From the 16th century onwards, civil strife and frequent political infighting engulfed much of Vietnam. First, the Chinese-supported Mạc Dynasty challenged the Lê Dynasty's power. After the Mạc Dynasty was defeated, the Lê Dynasty was nominally reinstalled, but actual power was divided between the northern Trịnh Lords and the southern Nguyễn Lords, who engaged in a civil war for more than four decades before a truce was called in the 1670s. During this time, the Nguyễn expanded southern Vietnam into the Mekong Delta, annexing the central highlands of Tay Nguyen and the Khmer lands in the Mekong Delta.
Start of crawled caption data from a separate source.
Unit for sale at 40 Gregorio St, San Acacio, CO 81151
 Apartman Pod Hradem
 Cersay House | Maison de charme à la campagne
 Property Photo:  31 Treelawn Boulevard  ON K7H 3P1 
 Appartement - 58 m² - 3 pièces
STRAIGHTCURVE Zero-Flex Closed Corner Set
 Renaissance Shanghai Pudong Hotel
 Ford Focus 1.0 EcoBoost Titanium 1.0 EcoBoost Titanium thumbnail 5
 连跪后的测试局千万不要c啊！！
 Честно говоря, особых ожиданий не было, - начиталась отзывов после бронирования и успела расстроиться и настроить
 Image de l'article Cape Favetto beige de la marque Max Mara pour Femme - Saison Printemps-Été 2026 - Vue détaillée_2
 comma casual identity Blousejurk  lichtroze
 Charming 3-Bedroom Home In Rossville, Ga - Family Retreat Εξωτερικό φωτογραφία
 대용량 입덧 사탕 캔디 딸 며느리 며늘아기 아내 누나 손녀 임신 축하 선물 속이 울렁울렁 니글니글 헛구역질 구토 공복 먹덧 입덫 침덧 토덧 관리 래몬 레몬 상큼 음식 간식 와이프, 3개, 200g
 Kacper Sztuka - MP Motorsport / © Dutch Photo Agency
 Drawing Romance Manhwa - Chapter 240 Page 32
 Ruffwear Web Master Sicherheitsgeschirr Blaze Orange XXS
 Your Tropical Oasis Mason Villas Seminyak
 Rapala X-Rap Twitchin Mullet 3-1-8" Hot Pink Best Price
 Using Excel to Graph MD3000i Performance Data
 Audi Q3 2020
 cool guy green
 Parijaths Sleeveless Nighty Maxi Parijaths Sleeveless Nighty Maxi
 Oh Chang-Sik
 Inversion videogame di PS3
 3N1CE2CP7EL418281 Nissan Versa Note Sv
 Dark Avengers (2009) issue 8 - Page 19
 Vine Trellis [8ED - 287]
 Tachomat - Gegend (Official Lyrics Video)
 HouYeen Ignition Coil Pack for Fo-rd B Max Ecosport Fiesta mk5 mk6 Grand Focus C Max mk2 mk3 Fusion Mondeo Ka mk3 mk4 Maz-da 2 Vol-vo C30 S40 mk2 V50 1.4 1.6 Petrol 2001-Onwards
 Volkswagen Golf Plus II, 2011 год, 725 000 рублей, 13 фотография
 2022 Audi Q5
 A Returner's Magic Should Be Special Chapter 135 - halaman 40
The division of the country ended a century later when the Tây Sơn brothers established a new dynasty. However, their rule did not last long, and they were defeated by the remnants of the Nguyễn Lords, led by Nguyễn Ánh and aided by the French. Nguyễn Ánh unified Vietnam, and established the Nguyễn Dynasty, ruling under the name Gia Long.

French colonisation

Vietnam's independence was gradually eroded by France – aided by large Catholic collaborator militias – in a series of military conquests between 1859 and 1885, after which the entire country became part of French Indochina. The French administration imposed significant political and cultural changes on Vietnamese society. A Western-style system of modern education was developed, and Roman Catholicism was propagated widely in Vietnamese society. Most of the French settlers in Indochina were concentrated in Cochinchina – the southern third of Vietnam – based around the city of Saigon.

Developing a plantation economy to promote the export of tobacco, indigo, tea and coffee, the French largely ignored increasing calls for Vietnamese self-government and civil rights. A nationalist political movement soon emerged, with leaders such as Phan Boi Chau, Phan Chu Trinh, Phan Dinh Phung, Emperor Hàm Nghi and Ho Chi Minh fighting or calling for independence. However, the royalist Can Vuong was defeated in the 1890s after a decade of resistance, and the 1930 Yen Bai mutiny of the Viet Nam Quoc Dan Dang was put down easily. The French maintained control of their colonies until World War II, when the war in the Pacific led to the Japanese invasion of French Indochina in 1941.

With the defeat of France in Europe in 1940, the French Third Republic was replaced by the Vichy Regime, to which the colony remained loyal. Heavily dependent on Nazi Germany, Vichy France was forced to surrender control of French Indochina to Germany's ally, Japan. The natural resources of Vietnam were exploited for the purposes of the Japanese Empire's military campaigns into the British Indochinese colonies of Burma, the Malay Peninsula and India. The Japanese occupation was a key cause of the Vietnamese Famine of 1945, which caused around two million deaths, equivalent to as much as 10% of the contemporary population.

The First Indochina War eventually led to the expulsion of the French in 1954, leaving Vietnam divided politically into two states, North and South Vietnam. Conflict between the two sides intensified, with heavy foreign intervention, during the Vietnam War, which ended with a North Vietnamese victory in 1975.

After the war, Vietnam was unified under a Communist government, but was politically isolated and economically backward. In 1986, the government initiated a series of economic and political reforms, which began Vietnam's path towards integration into the world economy. By 2000, it had established diplomatic relations with most nations. Its economic growth has been among the highest in the world since 2000, and according to Citigroup, such high growth is set to continue. Vietnam has the highest Global Growth Generators Index among 11 major economies, and its successful economic reforms resulted in it joining the World Trade Organization in 2007. However, the country still suffers from relatively high levels of income inequality, disparities in healthcare provision, and poor gender equality.